As part of their business plan, they’ve established a nonprofit holding company with a number of subsidiaries where bank loans would be flowed to undertake construction and renovation work at the heritage property. The payback would come through various agreements over stages, such as condominium or apartment building rights.

“It would be the largest single private investment in Kingston’s history — bigger than Feihe’s (infant formula plant) investment, and we’re not even communist,” Hood explained. “Think about the significance of that.”

The federal government’s real estate arm, Canada Lands Company, is in charge of the prime penitentiary lands on the shores of Lake Ontario. Canada Lands has been working with the city on developing a vision for the site.

The Hatter’s Bay project is just one of several of community ideas to emerge from the visioning exercise that’s currently underway involving Kingston Pen and nearby Portsmouth Olympic Harbour. Canada Lands is expected to produce a final list of acceptable development ideas this spring, which council will get to vote on, before the property is expected to be put up for sale.

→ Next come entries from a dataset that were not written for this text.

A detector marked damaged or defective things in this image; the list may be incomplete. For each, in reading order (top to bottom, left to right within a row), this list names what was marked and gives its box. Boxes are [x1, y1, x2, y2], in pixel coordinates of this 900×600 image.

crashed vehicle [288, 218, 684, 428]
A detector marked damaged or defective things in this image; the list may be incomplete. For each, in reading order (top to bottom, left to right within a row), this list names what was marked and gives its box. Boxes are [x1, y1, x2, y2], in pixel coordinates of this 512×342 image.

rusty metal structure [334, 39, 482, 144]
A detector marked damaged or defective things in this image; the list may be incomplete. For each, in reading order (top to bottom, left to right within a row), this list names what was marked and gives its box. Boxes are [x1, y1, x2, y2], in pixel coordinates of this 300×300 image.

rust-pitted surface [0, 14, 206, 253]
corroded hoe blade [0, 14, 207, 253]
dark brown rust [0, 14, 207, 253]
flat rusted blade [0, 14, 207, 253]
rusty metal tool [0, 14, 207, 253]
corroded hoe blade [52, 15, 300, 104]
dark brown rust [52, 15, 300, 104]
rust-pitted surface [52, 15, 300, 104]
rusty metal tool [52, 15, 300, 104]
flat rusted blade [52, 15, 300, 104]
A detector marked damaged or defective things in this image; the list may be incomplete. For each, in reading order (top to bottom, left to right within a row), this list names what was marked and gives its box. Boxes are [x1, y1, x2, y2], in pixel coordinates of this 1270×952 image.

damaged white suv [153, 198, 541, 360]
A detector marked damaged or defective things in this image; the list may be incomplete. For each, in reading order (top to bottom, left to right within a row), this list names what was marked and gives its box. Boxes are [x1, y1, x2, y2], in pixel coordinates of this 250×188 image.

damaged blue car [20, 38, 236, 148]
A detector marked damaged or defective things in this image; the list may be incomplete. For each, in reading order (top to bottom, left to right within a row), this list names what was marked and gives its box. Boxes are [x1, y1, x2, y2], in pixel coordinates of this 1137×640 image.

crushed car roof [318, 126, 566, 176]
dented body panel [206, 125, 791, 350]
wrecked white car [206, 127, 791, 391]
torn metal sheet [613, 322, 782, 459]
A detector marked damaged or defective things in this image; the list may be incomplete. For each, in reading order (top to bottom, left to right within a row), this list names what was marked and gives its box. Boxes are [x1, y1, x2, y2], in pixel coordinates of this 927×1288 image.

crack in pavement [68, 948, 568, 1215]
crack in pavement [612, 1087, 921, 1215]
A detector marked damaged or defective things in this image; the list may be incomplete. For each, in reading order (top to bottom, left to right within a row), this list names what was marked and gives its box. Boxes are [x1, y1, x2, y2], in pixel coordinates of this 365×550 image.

Hood claims his group can be ready to offer sailing programs as early as this summer if given the chance. “We can buy the property or the federal government can give it to us. Either way we’re ready to go.”

He estimates the cost to purchase the eight-hectare prison property is about $20 million.

Kingston Pen quickly became one of the city’s top tourist attractions with over 60,000 visitors when it first opened for general public tours last year, and another season of tours in the so-called “Alcatraz North” will start in May.

The last inmates were transferred out of maximum security prison in September 2012.